Another technique to view kernel panic messages

Another technique to view kernel panic messages

ometimes servers encounter fatal error conditions in the Linux kernel, and the kernel enters the “panic” state. In this state, it completely stops running any programs, prints a chain of function calls that led to the error to the screen, so that somebody could take a photo and present it to kernel developers as evidence, and then freezes until that somebody resets the server manually. In croit, however, the kernel is configured to reboot automatically after 45 seconds if it encounters a panic, and therefore, after the fact, it looks like a mysterious and unexpected server reboot.

In April 2023 we published a blog post that explained how to use netconsole to capture and view kernel panic messages. The technique presented there is still valid and reliable, however, it requires upfront preparations. In most cases, there is another way.

Some theory

In June 2009, Hewlett-Packard, Intel, Microsoft, Phoenix, and Toshiba jointly published a version 4.0 of the ACPI specification. ACPI advertises the system components and the available firmware functionality to the operating system via tables that contain bytecode for the ACPI Machine Language which is implemented by the operating system. One of the new features of ACPI 4.0 is the inclusion of ACPI Hardware Error Interfaces and, in particular, the Error Record Serialization Table (ERST).
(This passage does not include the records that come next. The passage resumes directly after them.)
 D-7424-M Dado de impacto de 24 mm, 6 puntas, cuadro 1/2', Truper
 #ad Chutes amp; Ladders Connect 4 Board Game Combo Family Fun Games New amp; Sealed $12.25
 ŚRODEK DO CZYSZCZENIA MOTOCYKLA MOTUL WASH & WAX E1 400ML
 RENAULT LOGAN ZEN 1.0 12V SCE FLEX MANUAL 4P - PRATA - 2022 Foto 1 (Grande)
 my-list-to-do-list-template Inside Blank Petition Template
The availability and implementation of ACPI features, including ERST, can vary between different BIOS or firmware vendors. In 2024, still not all computers implement these interfaces, but the vast majority of server-class machines do.
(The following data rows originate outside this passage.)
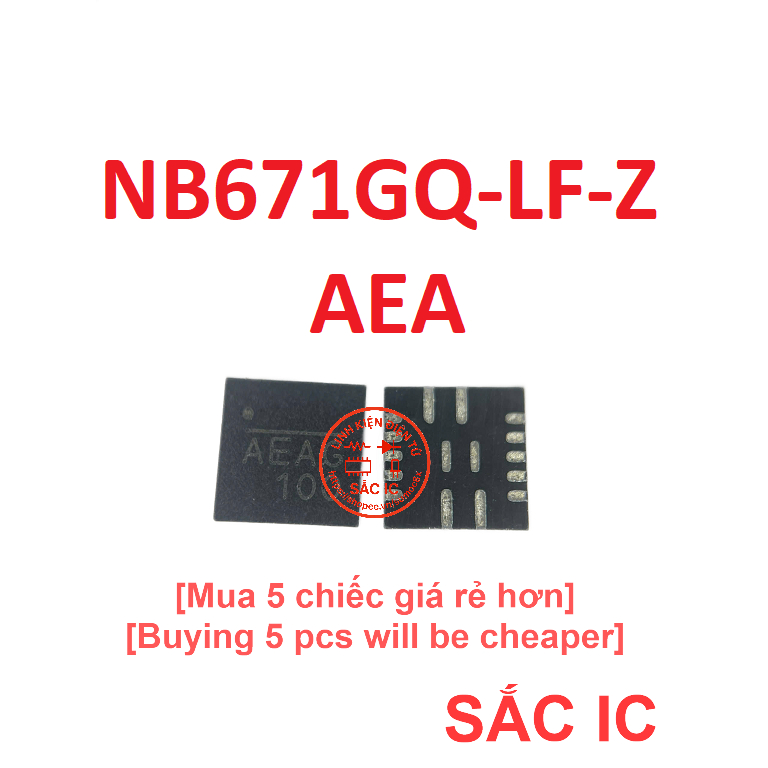 [N4] NB671GQ-LF-Z NB671G NB671 671 AEA AEA* ic nguồn trên bo mạch - Mới nguyên bản - Original NEW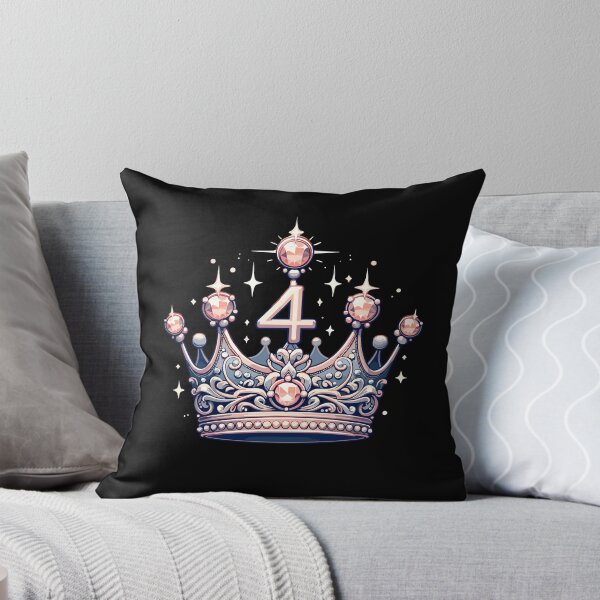 Item preview, Happy 4th Birthday - Royal Crown Celebration designed and sold by Jurady.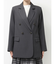 オーバーサイズダブルジャケット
Linux recognizes the Error Record Serialization Table that the system BIOS puts into the system RAM. Upon encountering a fatal crash, it follows instructions in this table to serialize the last portion of the kernel messages. They end up being stored in a platform-specific location, and the details of this storage location may vary depending on the implementation and hardware architecture. The most common implementation involves storing the serialized error records in on-board non-volatile memory, i.e., on the same flash chip that holds the system firmware. The bottom line is that the information persists across reboots and power cycles.

During the next boot, the Linux kernel retrieves the error records from the platform storage and makes them available in sysfs. There is also a systemd service, systemd-pstore.service , that moves them into /var , thus freeing the precious space in the system flash chip.

Instructions

To check whether a server supports ERST, run this command on it:

dmesg | grep ERST

If there is no output, it means that the system does not support ERST, and there is nothing you can do to enable it. On a server that supports ERST, the output would look like this:

[    0.007156] ACPI: ERST 0x00000000A77B4000 000230 (v01 AMIER  AMI.ERST 00000000 AMI. 00000000)
[    0.007190] ACPI: Reserving ERST table memory at [mem 0xa77b4000-0xa77b422f]
[    1.005528] ERST: Error Record Serialization Table (ERST) support is initialized.

If you get a similar output, congratulations: no further actions are needed. In croit OS images, everything is already set up to capture kernel crash logs to the platform storage via ERST by default.

You can crash a server for testing purposes like this:

echo c > /proc/sysrq-trigger

If a server crashes and reboots without any logs, and you suspect that it was a kernel panic, all that is needed to read the panic message is to look into /var/lib/systemd/pstore:

cat /var/lib/systemd/pstore/*/dmesg.txt

That’s it! Note, however, that this file will not persist across the next reboot, as /var is volatile on croit systems. Better copy it to a safer place - e.g., to your laptop.

If this command does not work, it means that the cause of the unexpected server reboot was not a kernel panic. The suggested diagnostic step is then to examine IPMI logs:

ipmitool sel list

Conclusion

As already mentioned in the previous blog post, a kernel panic is always a bug in the kernel. Having more than one option to capture the panic message, and especially a setup that is enabled by default on hardware that supports it, increases the chances for kernel developers to identify its root cause.